Open kevinrue opened 1 week ago
Cc @DongzeHE @jamshed. In general, if you are seeing long runtimes on your HPC, it's likely related to filesystem interactions with networked disks. Specifically, you should make sure that you are executing the indexing command and writing the resulting index to a local disk (e.g. scratch or tmp), then copying the index over to a result directory. The indexing procedure creates many small intermediate files (which we are looking to address), but this really messes with networked file systems, so you should make sure index construction doesn't happen on or write to networked disks.
Thanks! I'll check with our IT team how I might be able to optimise this. Feel free to close the issue. I might report back here with an update on improvement and - if applicable - advice to others.

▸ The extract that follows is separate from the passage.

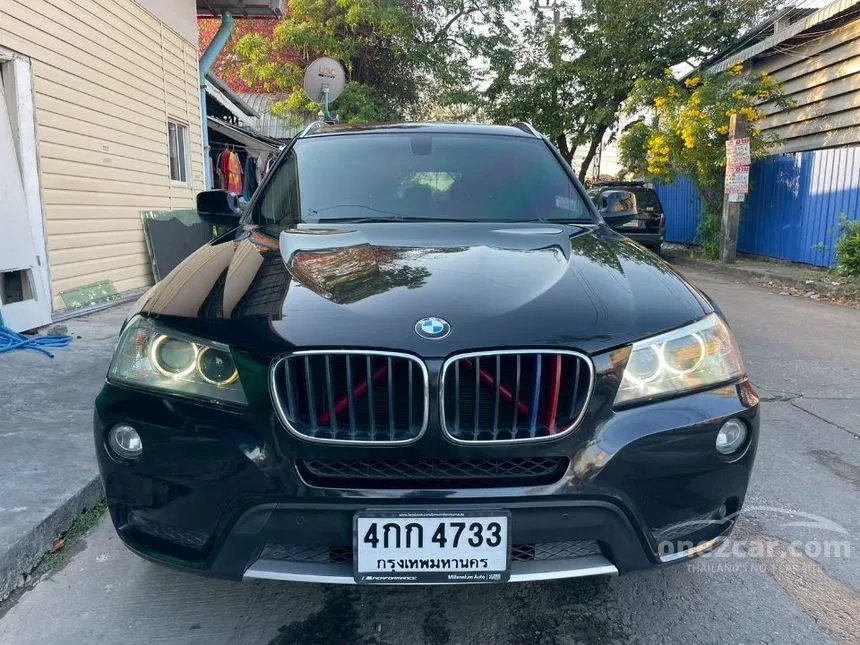 2015 BMW X3 xDrive20d Highline SUV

Actually, quick follow up:
When you mention intermediate files, do you refer to those under the directory workdir.noindex
?
If so, does this directory automatically shows up in the working directory? Is there a way to make it appear elsewhere? I don't see any related argument in https://simpleaf.readthedocs.io/en/latest/index-command.html
You only mention writing the resulting index file to a local disk, but it sounds like those temporary files are good candidate too.
Thanks!
Yes, those temporary files are the main offenders (more than the index itself). They appear in the execution directory. We do have a flag to set the work directory, but it is not exposed in simpleaf yet (it's on the dev branch and will be in the next release, but we are waiting on one or two other features for the next release).

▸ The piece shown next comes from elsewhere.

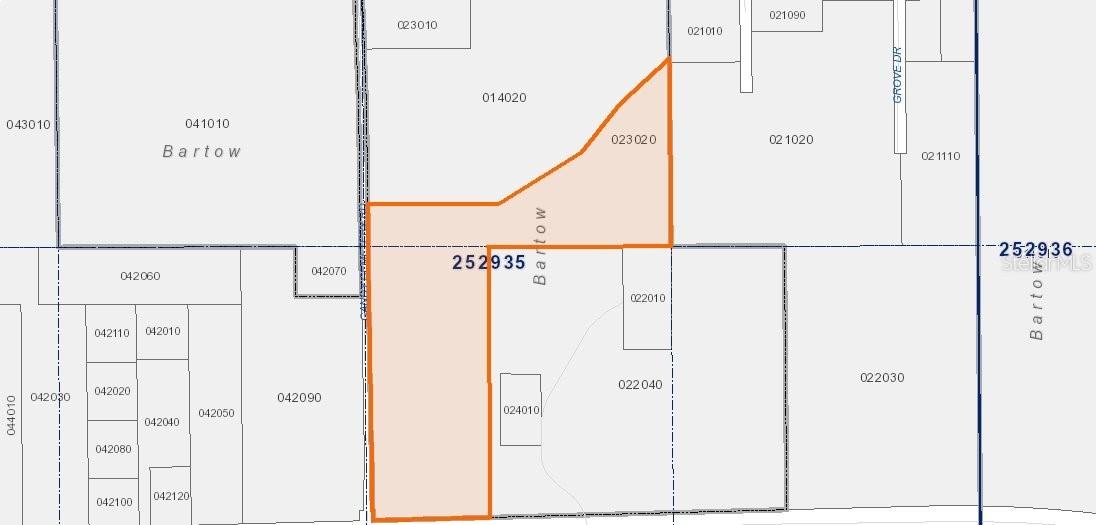 Gandy Cemetery Rd., Bartow, FL 33830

Right, so rather than the index file, I could make my job change directory to the TMPDIR, and run the command from there. I'll try, but definitely looking forward to future versions taking care of that automagically :)
Pardon the convoluted Snakemake, but here goes:
rule alevin_build_reference_index:
input:
genome="resources/genome/genome.fa.gz",
gtf="resources/genome/genome.gtf.gz",
output:
index=directory("resources/genome/index/alevin"),
log:
out="logs/alevin/build_reference_index.out",
err="logs/alevin/build_reference_index.err",
threads: 16
resources:
mem="8G",
runtime="1h",
shell:
"jobdir=$(pwd) &&"
" cd $TMPDIR &&"
" export ALEVIN_FRY_HOME=af_home &&"
" simpleaf set-paths &&"
" gunzip -c $jobdir/{input.genome} > tmp_alevin_index.fa &&"
" simpleaf index"
" --output $jobdir/{output.index}"
" --fasta tmp_alevin_index.fa"
" --gtf $jobdir/{input.gtf}"
" --rlen 150"
" --threads 16"
" --use-piscem"
" > $jobdir/{log.out} 2> $jobdir/{log.err}"
In short: changing directory to $TMPDIR
(a local folder given to each Slurm job on our HPC), and running the simpleaf index
command from there, so that workdir.noindex/
and all those small intermediate files get created in a local tempdir.
Seems to have shortened the job from 3 hours down to 50 min.
Ah and another attempt just completed where I've just edited the rule above to also produce the output directory in the local tempdir before copying it back to the network drive, still 50 min.
Not sure if there's anything else going on making Drosophila somehow longer to process than human. I hear there are some overlapping transcripts that might be a source of trouble.
Cross-posting from https://www.reddit.com/r/bioinformatics/comments/1g6zfu6/simpleaf_index_long_runtime/
Is there some guidance about the expected runtime of
simpleaf index
anywhere?The post above reports 20 min runtime for human using 16 CPUs.
In my current situation, Drosophila has a genome of approx. 180 Mb and my HPC job with 16 CPUs timed out after an hour.
PS: my command is
simpleaf index --output resources/genome/index/alevin --fasta tmp_alevin_index.fa --gtf resources/genome/genome.gtf.gz --rlen 150 --threads 16 --use-piscem
In particular, I've set
--rlen 150
based on the length of my scRNAseq reads. Is that alright?Thanks!